Я вижу, что не ответил на вопрос о своей фигуре. Что ж, придется сказать горькую правду. Боюсь, что послевоенному миру стоит приготовиться к расширенному изданию Вудхауза. Немецкая картошка — очень питательный овощ, однако приходится выбирать между нею и стройностью. Или одно, или другое. И я до сих пор не нашел в себе сил отказаться от немецкой картошки. Мы получаем ее на первое и на второе, и трудно сказать, в каком блюде она соблазнительней.
А еще есть немецкое пиво. Достойный напиток — и, если вам есть чем платить, вы получаете его без ограничения. Увы, оно тоже не способствует похуданию. Да, друзья, которые все эти месяцы молятся о моем возвращении, еще будут ворчать, что получили вдвое больше, чем просили.
Итак, вот ответы на вопрос: «Чего ждать от Вудхауза?» Теперь остается лишь один, самый животрепещущий: как старый маэстро выпутается из этой передряги?

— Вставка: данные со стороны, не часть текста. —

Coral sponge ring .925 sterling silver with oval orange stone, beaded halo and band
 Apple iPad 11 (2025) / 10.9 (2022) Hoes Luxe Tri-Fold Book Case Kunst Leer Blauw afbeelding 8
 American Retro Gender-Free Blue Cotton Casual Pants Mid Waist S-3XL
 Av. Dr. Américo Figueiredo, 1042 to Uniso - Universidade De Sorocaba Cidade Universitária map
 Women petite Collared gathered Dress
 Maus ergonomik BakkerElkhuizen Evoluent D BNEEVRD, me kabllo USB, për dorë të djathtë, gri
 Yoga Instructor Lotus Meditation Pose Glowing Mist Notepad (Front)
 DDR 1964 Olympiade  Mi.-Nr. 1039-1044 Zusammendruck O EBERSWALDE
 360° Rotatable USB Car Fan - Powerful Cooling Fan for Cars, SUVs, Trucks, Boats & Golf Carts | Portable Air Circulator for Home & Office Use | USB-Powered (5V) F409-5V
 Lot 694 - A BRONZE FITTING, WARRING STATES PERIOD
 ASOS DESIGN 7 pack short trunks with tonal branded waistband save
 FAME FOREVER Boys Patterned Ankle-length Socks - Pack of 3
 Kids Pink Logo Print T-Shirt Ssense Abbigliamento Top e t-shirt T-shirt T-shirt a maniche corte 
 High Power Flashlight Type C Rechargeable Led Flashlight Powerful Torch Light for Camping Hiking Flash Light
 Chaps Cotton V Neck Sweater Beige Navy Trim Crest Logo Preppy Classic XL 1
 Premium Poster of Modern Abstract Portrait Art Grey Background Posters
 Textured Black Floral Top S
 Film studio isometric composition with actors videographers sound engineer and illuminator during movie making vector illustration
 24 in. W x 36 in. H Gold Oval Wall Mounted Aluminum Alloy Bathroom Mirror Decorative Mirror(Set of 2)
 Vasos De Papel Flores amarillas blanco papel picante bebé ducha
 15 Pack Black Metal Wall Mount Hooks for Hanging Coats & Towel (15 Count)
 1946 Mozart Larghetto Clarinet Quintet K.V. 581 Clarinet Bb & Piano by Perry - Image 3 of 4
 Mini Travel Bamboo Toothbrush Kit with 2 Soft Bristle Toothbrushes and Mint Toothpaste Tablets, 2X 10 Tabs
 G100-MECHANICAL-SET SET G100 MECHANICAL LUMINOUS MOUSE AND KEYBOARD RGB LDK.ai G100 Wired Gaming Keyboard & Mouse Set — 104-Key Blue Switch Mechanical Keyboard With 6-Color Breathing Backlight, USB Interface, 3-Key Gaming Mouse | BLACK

Будь я холостяк и без собаки, я бы не особенно торопился покинуть лагерь. Мы хорошо питаемся, много спим, что до тяжелой работы, все, кто старше пятидесяти, от нее освобождены. А молодежи физический труд только на пользу, как думаю я частенько, покуривая трубочку и глядя, как мои младшие товарищи уходят грузить уголь или расчищать снег.
Более того, воздух в Верхней Силезии прекрасный, охранники — образцы мужественной красоты, радующей глаз; довольно скоро привыкаешь висеть на колючей проволоке, как шляпа на вешалке.
Однако я — женатый человек с пекинесом и боксером и потому желал бы при первой возможности изменить место проживания. Я вижу только один выход: нам с Германией надо сесть за круглый стол и заключить сепаратный мир. Нетрудно будет прийти к условиям, устраивающим обе стороны. Единственная уступка, которой я намерен добиться от Германии, — это чтобы она выдала мне буханку хлеба, велела господам с ружьями у ворот отвернуться и доверила остальное.
В ответ я готов отдать ей Индию, комплект моих книг с автографом и тайный рецепт приготовления картофельных ломтиков на обогревателе, ведомый только двоим: интернированному Артуру Гранту и мне. Предложение действительно до следующей среды.